The sink itself was full of a uniform dark brown mass that could have been anything once. It looked like chocolate pudding, but I could guarantee it wasn't.

As I glanced around at the remains of the kitchen, I could feel trickles of sweat running down my neck despite the frigid house. I couldn't fix this. It had taken years to get it this bad; how was I supposed to fix it overnight?

I wrapped my jacket tighter around me and wished for more time. A few days—a week, maybe, and I could have this place looking okay enough to let people in. It's not like I had to make it perfect, just good enough so it wasn't a freak show.

A draft of cold air came from somewhere and brushed against my cheek. It was so cold inside, I could see my breath hang in front of me. It felt almost colder in here than it did outside, and, without the furnace working, this whole place was turning into one giant freezer. I'd have to keep moving or I'd freeze to death along with her.

Oh my God—my stomach did a flip-flop as the idea started to form. It was
freezing
in here!

A glimmer of hope started flickering inside me as I picked my way to the other side of the room as fast as I could, my thoughts racing one step ahead. This was totally crazy and totally wrong and totally the only hope I had at all.

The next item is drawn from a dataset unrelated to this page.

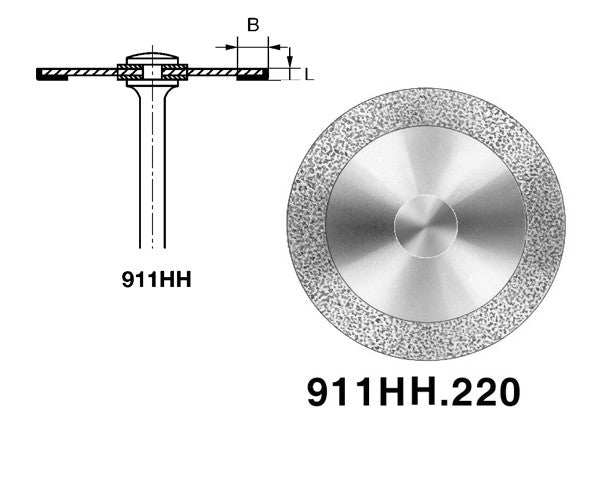 911HH.104.220 KOMET DISC DIAMANT REVESTIMENT CARA INF PEÇA DE MÀ ø 220 - 1uds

The smell near the sink was so bad I had to hold my breath as I worked the windows halfway open. The moldy curtains waved listlessly in the breeze as the frigid air worked its way inside. The window in the laundry room was stuck pretty tight, but I did manage to open it a crack, and I hoped it was enough. With this many windows open in the back of the house, it would probably drop the temperature close to actual freezing. It almost never got cold enough to snow around here, but I'd heard on the radio that there was a frost warning this week, just in time for New Year's Eve. The timing couldn't be better.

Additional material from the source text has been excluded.